Exercise instructions >> From the line containing "2017 FORD ECOBOOST" down to the line containing "Детская кровать манеж" in the records below, reproduce every line exactly, ends included, and omit all others.

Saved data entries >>
■ ■ ■ ■ ■
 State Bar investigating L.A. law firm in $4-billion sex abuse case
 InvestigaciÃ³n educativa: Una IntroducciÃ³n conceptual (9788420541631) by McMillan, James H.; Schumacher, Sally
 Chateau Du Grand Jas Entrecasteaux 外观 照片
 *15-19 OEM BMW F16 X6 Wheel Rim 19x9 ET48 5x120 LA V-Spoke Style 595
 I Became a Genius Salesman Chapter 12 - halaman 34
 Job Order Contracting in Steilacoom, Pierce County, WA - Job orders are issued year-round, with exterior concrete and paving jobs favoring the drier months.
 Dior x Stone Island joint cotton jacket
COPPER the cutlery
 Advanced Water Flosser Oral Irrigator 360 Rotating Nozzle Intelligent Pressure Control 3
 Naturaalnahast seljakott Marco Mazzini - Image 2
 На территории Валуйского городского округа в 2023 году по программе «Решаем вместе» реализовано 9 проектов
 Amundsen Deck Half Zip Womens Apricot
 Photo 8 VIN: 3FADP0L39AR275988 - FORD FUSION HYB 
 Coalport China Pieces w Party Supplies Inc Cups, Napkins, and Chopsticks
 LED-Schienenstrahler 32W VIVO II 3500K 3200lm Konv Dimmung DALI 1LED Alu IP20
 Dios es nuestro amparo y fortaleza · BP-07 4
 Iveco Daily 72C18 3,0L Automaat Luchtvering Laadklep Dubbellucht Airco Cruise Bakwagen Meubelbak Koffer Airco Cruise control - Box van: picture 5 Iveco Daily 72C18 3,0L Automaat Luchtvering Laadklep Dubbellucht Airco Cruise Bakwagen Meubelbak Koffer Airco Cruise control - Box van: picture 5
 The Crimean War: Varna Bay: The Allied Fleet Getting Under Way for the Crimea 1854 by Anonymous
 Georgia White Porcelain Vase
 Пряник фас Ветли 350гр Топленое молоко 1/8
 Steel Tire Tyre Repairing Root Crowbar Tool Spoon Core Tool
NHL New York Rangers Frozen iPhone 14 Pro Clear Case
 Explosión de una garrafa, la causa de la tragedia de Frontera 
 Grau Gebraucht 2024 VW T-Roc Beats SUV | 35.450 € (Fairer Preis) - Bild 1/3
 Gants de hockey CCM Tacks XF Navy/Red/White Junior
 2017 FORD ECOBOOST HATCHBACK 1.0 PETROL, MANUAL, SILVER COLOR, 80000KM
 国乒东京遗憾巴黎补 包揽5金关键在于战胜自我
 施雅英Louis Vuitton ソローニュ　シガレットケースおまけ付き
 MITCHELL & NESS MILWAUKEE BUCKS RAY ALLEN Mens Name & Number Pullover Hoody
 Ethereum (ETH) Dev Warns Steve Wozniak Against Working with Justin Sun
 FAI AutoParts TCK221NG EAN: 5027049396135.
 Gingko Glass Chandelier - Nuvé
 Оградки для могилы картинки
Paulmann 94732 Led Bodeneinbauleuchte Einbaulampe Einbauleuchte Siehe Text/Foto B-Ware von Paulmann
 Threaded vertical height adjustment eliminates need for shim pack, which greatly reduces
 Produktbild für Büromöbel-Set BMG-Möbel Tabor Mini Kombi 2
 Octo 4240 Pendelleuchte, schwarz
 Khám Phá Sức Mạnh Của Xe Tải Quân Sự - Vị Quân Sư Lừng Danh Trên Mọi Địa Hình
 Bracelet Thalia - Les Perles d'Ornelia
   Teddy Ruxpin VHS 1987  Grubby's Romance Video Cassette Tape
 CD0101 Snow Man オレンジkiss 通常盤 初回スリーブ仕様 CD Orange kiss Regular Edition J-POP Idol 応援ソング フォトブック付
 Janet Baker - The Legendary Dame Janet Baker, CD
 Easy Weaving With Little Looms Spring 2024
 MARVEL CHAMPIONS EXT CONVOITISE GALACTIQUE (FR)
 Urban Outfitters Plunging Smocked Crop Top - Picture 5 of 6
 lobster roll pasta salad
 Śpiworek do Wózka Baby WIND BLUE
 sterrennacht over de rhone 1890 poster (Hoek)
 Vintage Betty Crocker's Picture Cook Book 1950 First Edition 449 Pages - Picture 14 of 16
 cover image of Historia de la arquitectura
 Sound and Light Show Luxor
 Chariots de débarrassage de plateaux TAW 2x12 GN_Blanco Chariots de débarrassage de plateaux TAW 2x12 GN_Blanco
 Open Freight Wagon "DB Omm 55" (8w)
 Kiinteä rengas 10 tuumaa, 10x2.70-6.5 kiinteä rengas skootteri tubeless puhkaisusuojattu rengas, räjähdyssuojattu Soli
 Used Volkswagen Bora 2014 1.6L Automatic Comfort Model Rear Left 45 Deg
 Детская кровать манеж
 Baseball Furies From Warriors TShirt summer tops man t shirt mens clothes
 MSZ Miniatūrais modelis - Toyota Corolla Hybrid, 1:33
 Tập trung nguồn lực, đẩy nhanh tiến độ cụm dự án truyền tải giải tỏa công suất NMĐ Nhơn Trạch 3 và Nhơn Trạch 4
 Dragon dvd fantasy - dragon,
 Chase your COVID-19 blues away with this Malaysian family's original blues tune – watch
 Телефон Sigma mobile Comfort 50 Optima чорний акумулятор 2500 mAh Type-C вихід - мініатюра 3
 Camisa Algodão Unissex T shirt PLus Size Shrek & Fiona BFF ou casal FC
■ ■ ■ ■ ■
Response area >>
 2017 FORD ECOBOOST HATCHBACK 1.0 PETROL, MANUAL, SILVER COLOR, 80000KM
 国乒东京遗憾巴黎补 包揽5金关键在于战胜自我
 施雅英Louis Vuitton ソローニュ　シガレットケースおまけ付き
 MITCHELL & NESS MILWAUKEE BUCKS RAY ALLEN Mens Name & Number Pullover Hoody
 Ethereum (ETH) Dev Warns Steve Wozniak Against Working with Justin Sun
 FAI AutoParts TCK221NG EAN: 5027049396135.
 Gingko Glass Chandelier - Nuvé
 Оградки для могилы картинки
Paulmann 94732 Led Bodeneinbauleuchte Einbaulampe Einbauleuchte Siehe Text/Foto B-Ware von Paulmann
 Threaded vertical height adjustment eliminates need for shim pack, which greatly reduces
 Produktbild für Büromöbel-Set BMG-Möbel Tabor Mini Kombi 2
 Octo 4240 Pendelleuchte, schwarz
 Khám Phá Sức Mạnh Của Xe Tải Quân Sự - Vị Quân Sư Lừng Danh Trên Mọi Địa Hình
 Bracelet Thalia - Les Perles d'Ornelia
   Teddy Ruxpin VHS 1987  Grubby's Romance Video Cassette Tape
 CD0101 Snow Man オレンジkiss 通常盤 初回スリーブ仕様 CD Orange kiss Regular Edition J-POP Idol 応援ソング フォトブック付
 Janet Baker - The Legendary Dame Janet Baker, CD
 Easy Weaving With Little Looms Spring 2024
 MARVEL CHAMPIONS EXT CONVOITISE GALACTIQUE (FR)
 Urban Outfitters Plunging Smocked Crop Top - Picture 5 of 6
 lobster roll pasta salad
 Śpiworek do Wózka Baby WIND BLUE
 sterrennacht over de rhone 1890 poster (Hoek)
 Vintage Betty Crocker's Picture Cook Book 1950 First Edition 449 Pages - Picture 14 of 16
 cover image of Historia de la arquitectura
 Sound and Light Show Luxor
 Chariots de débarrassage de plateaux TAW 2x12 GN_Blanco Chariots de débarrassage de plateaux TAW 2x12 GN_Blanco
 Open Freight Wagon "DB Omm 55" (8w)
 Kiinteä rengas 10 tuumaa, 10x2.70-6.5 kiinteä rengas skootteri tubeless puhkaisusuojattu rengas, räjähdyssuojattu Soli
 Used Volkswagen Bora 2014 1.6L Automatic Comfort Model Rear Left 45 Deg
 Детская кровать манеж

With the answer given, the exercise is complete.